[[ Material provided open ]]

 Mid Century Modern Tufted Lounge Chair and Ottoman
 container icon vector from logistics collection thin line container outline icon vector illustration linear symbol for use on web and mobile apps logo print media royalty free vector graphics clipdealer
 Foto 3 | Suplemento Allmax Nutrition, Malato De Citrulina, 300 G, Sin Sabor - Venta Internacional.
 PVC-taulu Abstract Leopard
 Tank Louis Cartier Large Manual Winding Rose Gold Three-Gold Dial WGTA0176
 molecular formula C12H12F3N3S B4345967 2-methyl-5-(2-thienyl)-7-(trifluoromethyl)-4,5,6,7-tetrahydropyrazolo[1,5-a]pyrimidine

[[ Material provided closed ]]
[[ Material provided open ]]

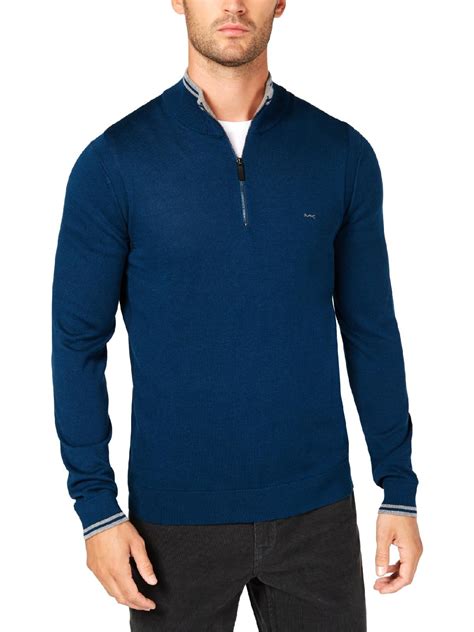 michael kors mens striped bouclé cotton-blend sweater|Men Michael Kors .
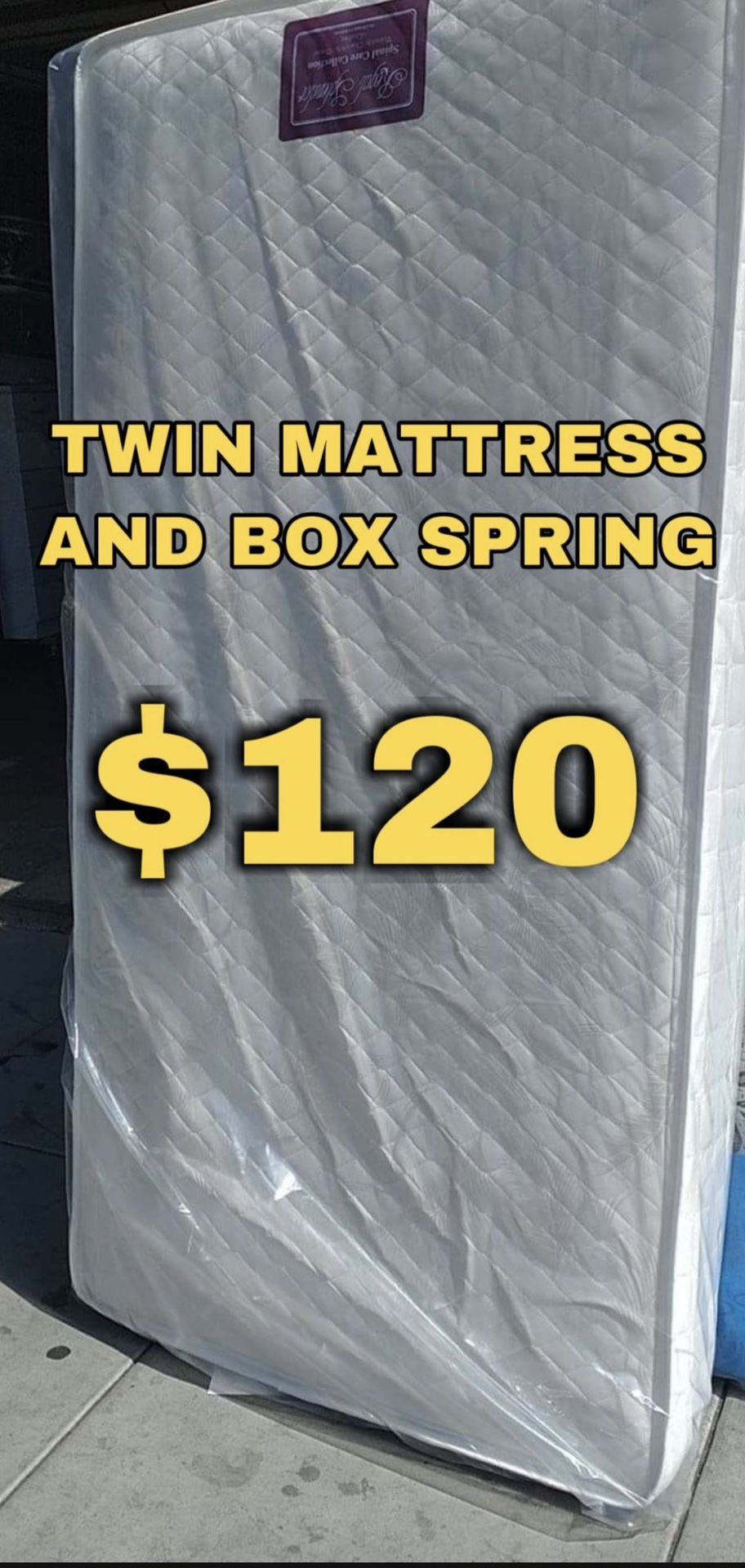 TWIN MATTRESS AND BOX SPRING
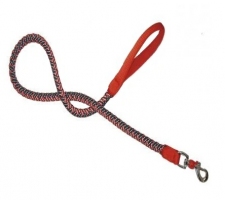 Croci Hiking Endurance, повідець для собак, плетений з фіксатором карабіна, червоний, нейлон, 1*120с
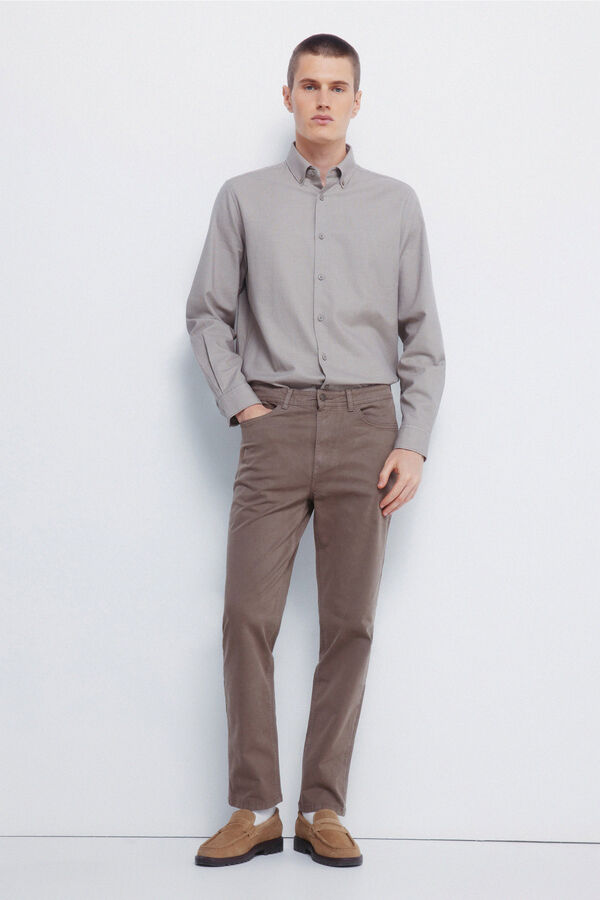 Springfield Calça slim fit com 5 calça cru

[[ Material provided closed ]]

▸ Task statement:
Your task is to copy only the lines above starting at the one containing "TWIN MATTRESS AND BOX SPRING" and ending at the one containing "Springfield Calça slim fit com 5 calça cru". Copy them exactly, both ends included, and omit the pictures.

▸ Written solution:
 TWIN MATTRESS AND BOX SPRING
 Croci Hiking Endurance, повідець для собак, плетений з фіксатором карабіна, червоний, нейлон, 1*120с
 Springfield Calça slim fit com 5 calça cru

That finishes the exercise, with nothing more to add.